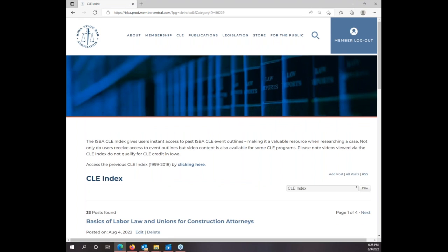If you have any additional questions about the CLE Index, please email me at cle@iowabar.org. Thank you so much.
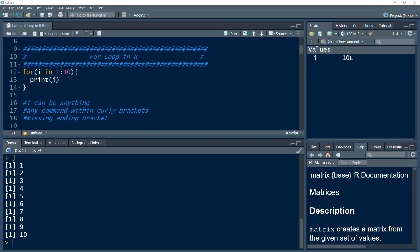Within each iteration, 'i' is assigned a value, and it repetitively prints that value till it reaches the maximum value specified within the range. In this case I used 'i', but you can use any word. Also, we can use any set of commands — it doesn't have to be just print; you can have multiple commands.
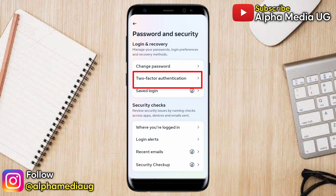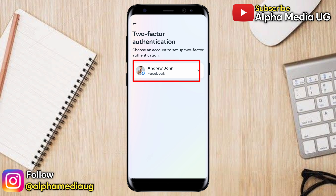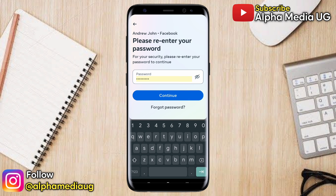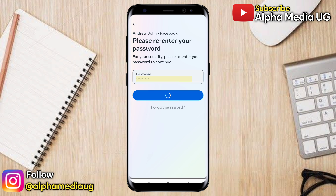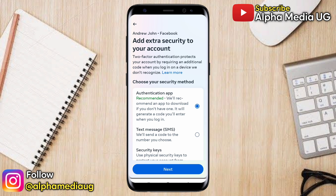Then select Password and Security. Then go ahead and select Two-Factor Authentication. Then select your Facebook profile. Enter your password.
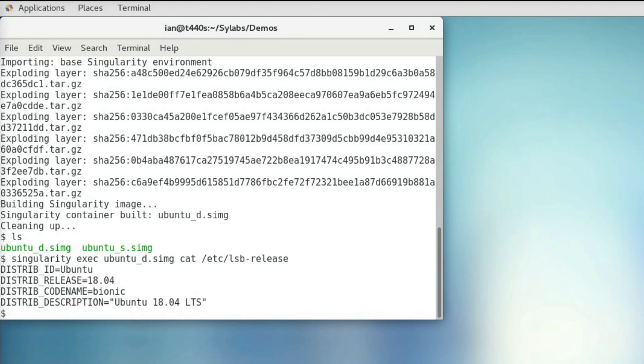So it's important to note that the layers within Docker images from Docker Hub can change over time. So this reduces the reproducibility of your containers because what you build from right now may not be exactly the same as what you build from in the future.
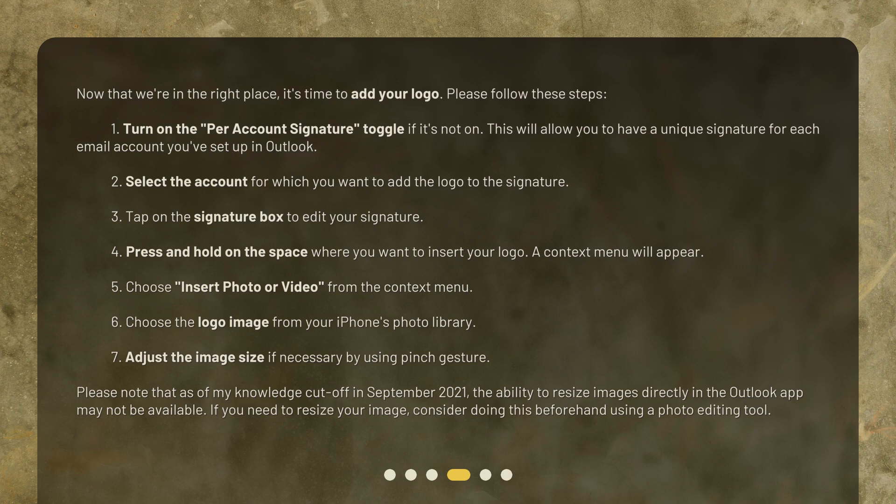4. Press and hold on the space where you want to insert your logo. A context menu will appear. 5. Choose 'Insert Photo or Video' from the context menu. 6. Choose the logo image from your iPhone's photo library. 7. Adjust the image size if necessary by using a pinch gesture. Please note that as of my knowledge cutoff in September 2021, the ability to resize images directly in the Outlook app may not be available. If you need to resize your image, consider doing this beforehand using a photo editing tool.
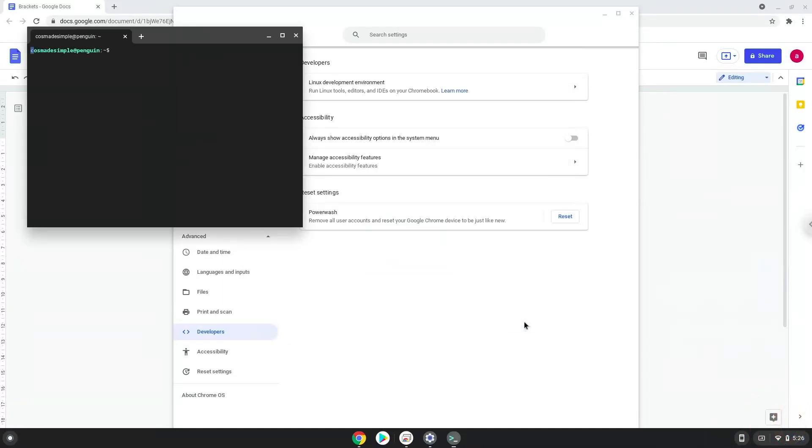Now that we have enabled Linux apps on our system, we will continue to the next step, which is to run several commands in a terminal, which will install Brackets. All the commands are in the video description.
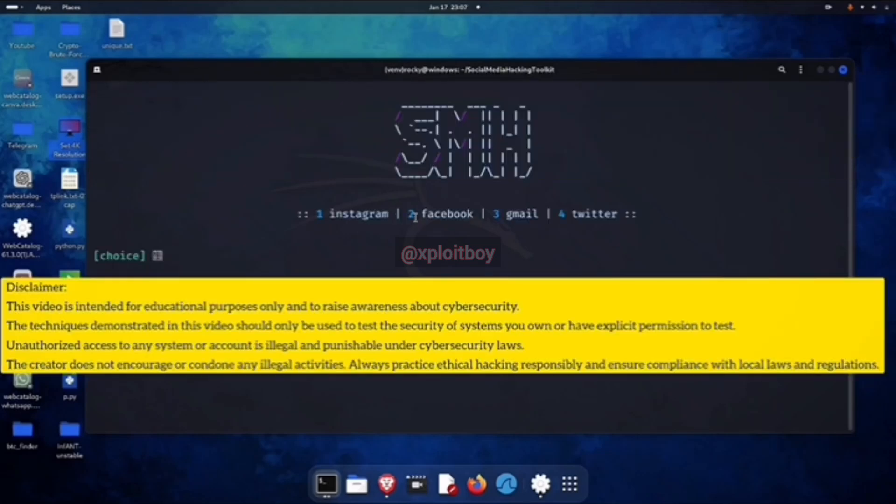A lot of accounts have two-factor authentication turned on, so we can also hack emails with this tool. I'll cover that in another upcoming video.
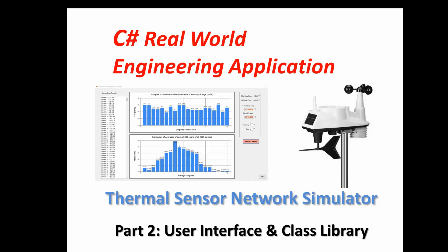Welcome back to part two in the series on developing a real-world engineering application in C# from scratch. This application is a simulator to simulate a network of thermal sensors, basically temperature measuring devices.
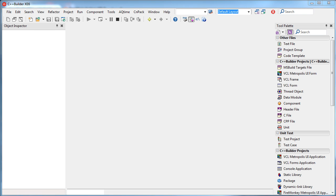Hi everyone and welcome back. In this video I'm going to show you how to create a REST client application in C++ Builder. First of all, REST is simply just another way to describe the web, and from C++ Builder XE5 you have available brand new components to communicate with REST web services. So I'm going to show you how to do that.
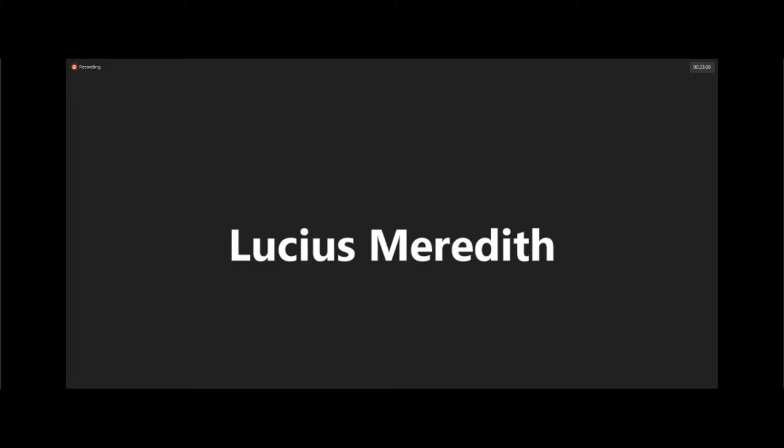So on the consensus part, I've just been noodling a little bit, not too much, on this new paper out on proof of sequential work and trying to think about how to use that.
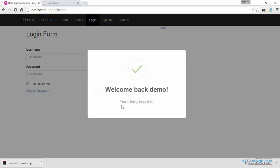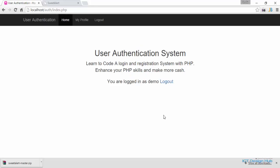So — welcome back, demo. You are being logged in. Just wait a few seconds and it disappears and redirects us back to the index page.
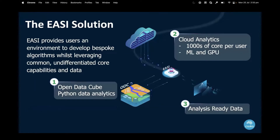EASY allows us to build bespoke algorithms while leveraging common aspects of data preparation, libraries, facilities, services, and APIs — and then realize that differentiated core capability. It provides the compute and reliability to allow us to scale up from small scale to large scale.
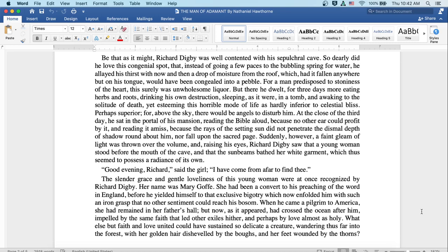Perhaps superior, for above the sky there would be angels to disturb him. At the close of the third day, he sat in the portal of his mansion, reading the Bible aloud, because no other ear could profit by it, and reading it amiss, because rays of the setting sun did not penetrate the dismal depth of shadow round about him, nor fall upon the sacred page.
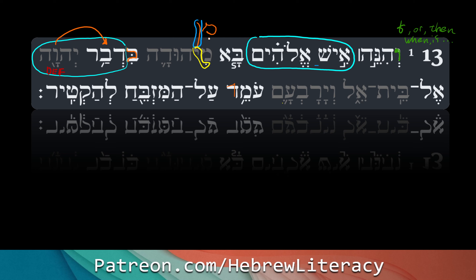The inseparable preposition beit can mean 'in,' 'against,' 'with,' 'by' — probably here it's 'by,' like 'by means of.' So devah Adonai means 'the word of the Lord.' V'hineih Ish Elohim ba mihudah — and behold, a man of God came from Judah, bidvar Adonai, with the word of the Lord.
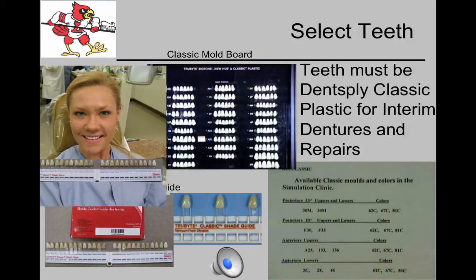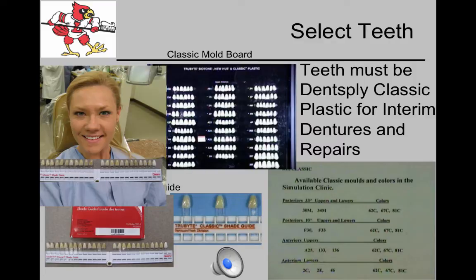We will be using the Dentsply Classic teeth or Ivoclair teeth for interim partial dentures. We carry them in the dispensary in only three molds — small, medium, and large — and in only three colors: light, medium, and dark shade of yellow. You may order any teeth on the board with a wait of about three days for a special order. An expanded shade guide including all Vita shades except bleaching shades is also available.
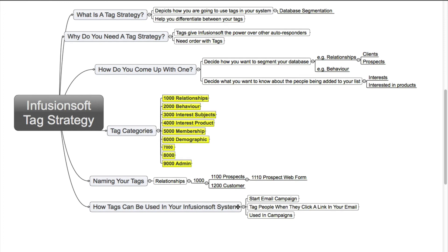I hope the information that I've given you in this video today will be of use to you and will help you harness the power of tags within Infusionsoft. Thank you.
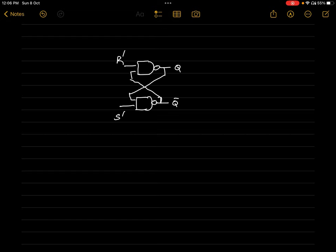We have already learned this in my previous video — the link for that video I will provide in the pinned comment or description. From that video we learned that in the truth table of this circuit, R' and S' can take four values.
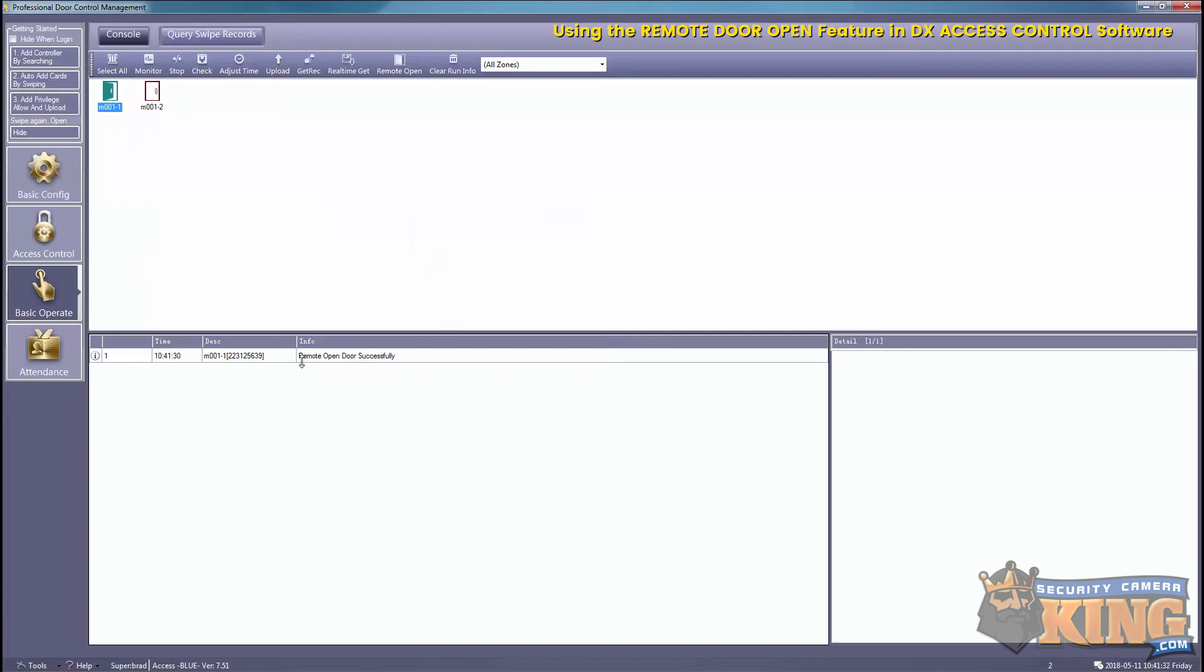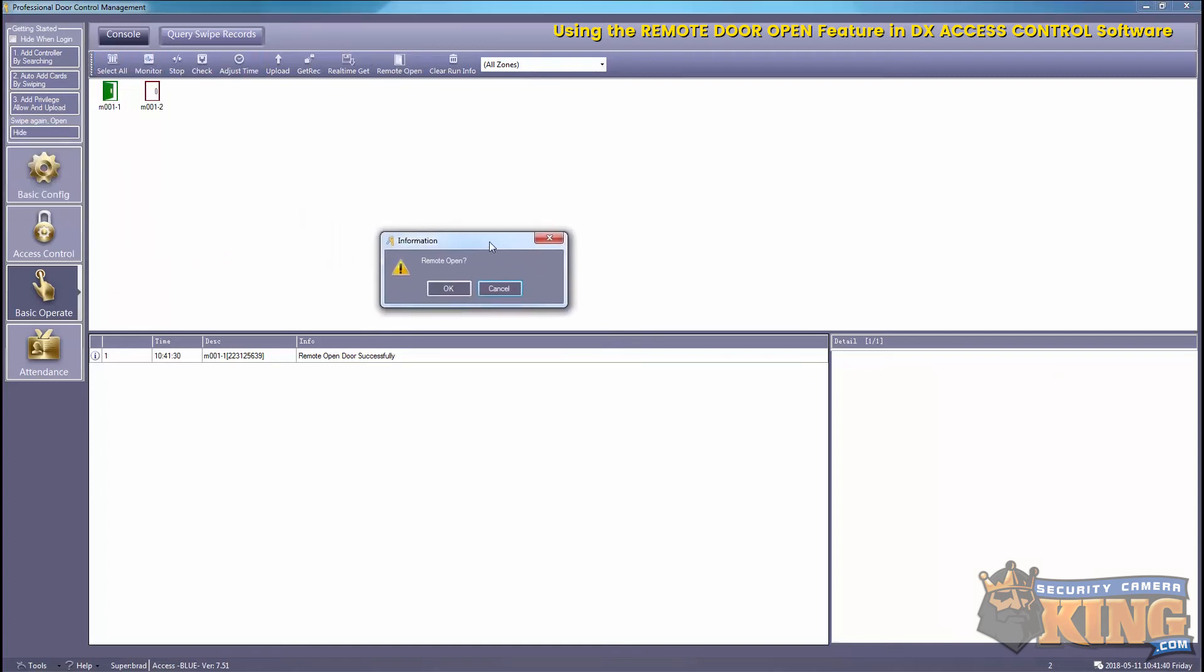And now the door has been successfully opened. And that is how you use the remote door open feature using our DX access control software. Thank you for watching.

········

Requirement
Every line from the one with "So — welcome" through the one with "The inseparable preposition" is to be reproduced exactly as written above, and the pictures are to be dropped.

Answer section
So — welcome back, demo. You are being logged in. Just wait a few seconds and it disappears and redirects us back to the index page.
EASY allows us to build bespoke algorithms while leveraging common aspects of data preparation, libraries, facilities, services, and APIs — and then realize that differentiated core capability. It provides the compute and reliability to allow us to scale up from small scale to large scale.
Perhaps superior, for above the sky there would be angels to disturb him. At the close of the third day, he sat in the portal of his mansion, reading the Bible aloud, because no other ear could profit by it, and reading it amiss, because rays of the setting sun did not penetrate the dismal depth of shadow round about him, nor fall upon the sacred page.
The inseparable preposition beit can mean 'in,' 'against,' 'with,' 'by' — probably here it's 'by,' like 'by means of.' So devah Adonai means 'the word of the Lord.' V'hineih Ish Elohim ba mihudah — and behold, a man of God came from Judah, bidvar Adonai, with the word of the Lord.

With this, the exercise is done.